Sarah Anne
- Species: chimpanzee
- Sex: female
- Born: August 1959 Africa
- Died: 2019 (aged 59–60)

= Sarah (chimpanzee) =

Research chimpanzee

Sarah (full name Sarah Anne) (August 1959 – July 2019) was an enculturated research chimpanzee whose cognitive skills were documented in the 1983 book The Mind of an Ape, by David Premack and Ann James Premack. Sarah was one of nine chimpanzees in David Premack's psychology laboratory in Pennsylvania. Sarah was born in Africa in 1959. She first worked in Missouri, then in Santa Barbara, and then Pennsylvania. She first was exposed to language token training in 1967.

Sarah, along with three other chimpanzees, were exposed to language token training.
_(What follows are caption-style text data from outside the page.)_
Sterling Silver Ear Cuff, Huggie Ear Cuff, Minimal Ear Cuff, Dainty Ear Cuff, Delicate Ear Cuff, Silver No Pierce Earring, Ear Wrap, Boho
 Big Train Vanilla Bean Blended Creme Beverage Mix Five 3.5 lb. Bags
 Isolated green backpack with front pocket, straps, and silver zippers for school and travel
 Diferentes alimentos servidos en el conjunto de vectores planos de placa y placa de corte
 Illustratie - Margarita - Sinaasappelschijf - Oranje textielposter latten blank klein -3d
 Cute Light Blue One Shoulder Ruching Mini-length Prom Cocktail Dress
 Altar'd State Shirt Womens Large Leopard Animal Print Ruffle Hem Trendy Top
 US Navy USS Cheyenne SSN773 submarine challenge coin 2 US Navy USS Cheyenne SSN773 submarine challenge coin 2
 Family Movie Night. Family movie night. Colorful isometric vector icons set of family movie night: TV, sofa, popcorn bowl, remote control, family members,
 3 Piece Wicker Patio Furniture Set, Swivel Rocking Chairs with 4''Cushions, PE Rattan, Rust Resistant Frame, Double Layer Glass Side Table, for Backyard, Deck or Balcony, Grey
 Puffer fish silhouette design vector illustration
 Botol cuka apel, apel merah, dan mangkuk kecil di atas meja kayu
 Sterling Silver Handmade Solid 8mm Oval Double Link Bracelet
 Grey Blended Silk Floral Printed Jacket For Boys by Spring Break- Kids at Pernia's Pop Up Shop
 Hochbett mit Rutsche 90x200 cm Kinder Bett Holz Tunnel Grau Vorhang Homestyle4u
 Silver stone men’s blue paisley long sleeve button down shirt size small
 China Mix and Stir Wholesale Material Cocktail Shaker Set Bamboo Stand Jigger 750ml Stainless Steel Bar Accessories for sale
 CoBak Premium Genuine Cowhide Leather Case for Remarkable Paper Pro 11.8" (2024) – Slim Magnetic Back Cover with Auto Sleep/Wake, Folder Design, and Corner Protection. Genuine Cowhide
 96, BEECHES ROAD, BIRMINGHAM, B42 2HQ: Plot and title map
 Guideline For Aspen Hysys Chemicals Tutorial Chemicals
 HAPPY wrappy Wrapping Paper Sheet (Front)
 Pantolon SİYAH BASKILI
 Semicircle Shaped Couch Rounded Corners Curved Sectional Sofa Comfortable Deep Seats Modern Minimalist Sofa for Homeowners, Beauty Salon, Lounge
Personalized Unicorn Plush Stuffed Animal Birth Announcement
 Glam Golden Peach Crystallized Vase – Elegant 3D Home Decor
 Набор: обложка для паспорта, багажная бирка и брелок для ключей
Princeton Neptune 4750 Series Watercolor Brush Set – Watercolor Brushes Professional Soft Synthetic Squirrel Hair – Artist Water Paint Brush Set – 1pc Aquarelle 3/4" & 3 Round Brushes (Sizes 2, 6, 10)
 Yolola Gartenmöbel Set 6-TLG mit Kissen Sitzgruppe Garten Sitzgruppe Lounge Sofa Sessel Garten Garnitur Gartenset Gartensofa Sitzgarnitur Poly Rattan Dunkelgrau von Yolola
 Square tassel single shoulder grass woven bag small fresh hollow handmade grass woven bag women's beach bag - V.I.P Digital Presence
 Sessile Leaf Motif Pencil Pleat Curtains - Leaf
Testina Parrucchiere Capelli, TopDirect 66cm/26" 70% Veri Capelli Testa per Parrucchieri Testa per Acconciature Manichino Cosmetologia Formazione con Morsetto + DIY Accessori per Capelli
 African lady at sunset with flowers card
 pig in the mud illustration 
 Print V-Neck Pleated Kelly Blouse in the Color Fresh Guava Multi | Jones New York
One of the chimpanzees failed to learn a single word, but Sarah, Elizabeth, and Peony were able to parse and also produce streams of tokens which obeyed a grammar.

She used a special board with plastic symbols to correctly parse various syntactic expressions including if-then-else. Sarah was even able to recognize colors and connect them with matching objects, a talent that Premack noted, doubting that a pigeon could have.

When the Premacks decided they no longer wanted to work with chimpanzees in 1987, Sarah was sent to Sarah Boysen's Chimp Center at the Ohio State University, where she lived and worked with other enculturated chimpanzees: Kermit, Darrell, Bobby, Sheba, Keeli, Ivy, Harper, and Emma. In January 2006, Sarah attacked a student, causing minor injuries. The following month, the Chimp Center was closed and OSU sent the chimps to a private animal collection in Texas. Subsequently, the chimps were transferred to another chimpanzee sanctuary, Chimp Haven, in Louisiana. At Chimp Haven, Sarah was known for her blanket nesting techniques. Her favorite treat was M&M's.

Sarah died in July 2019, just before her 60th birthday.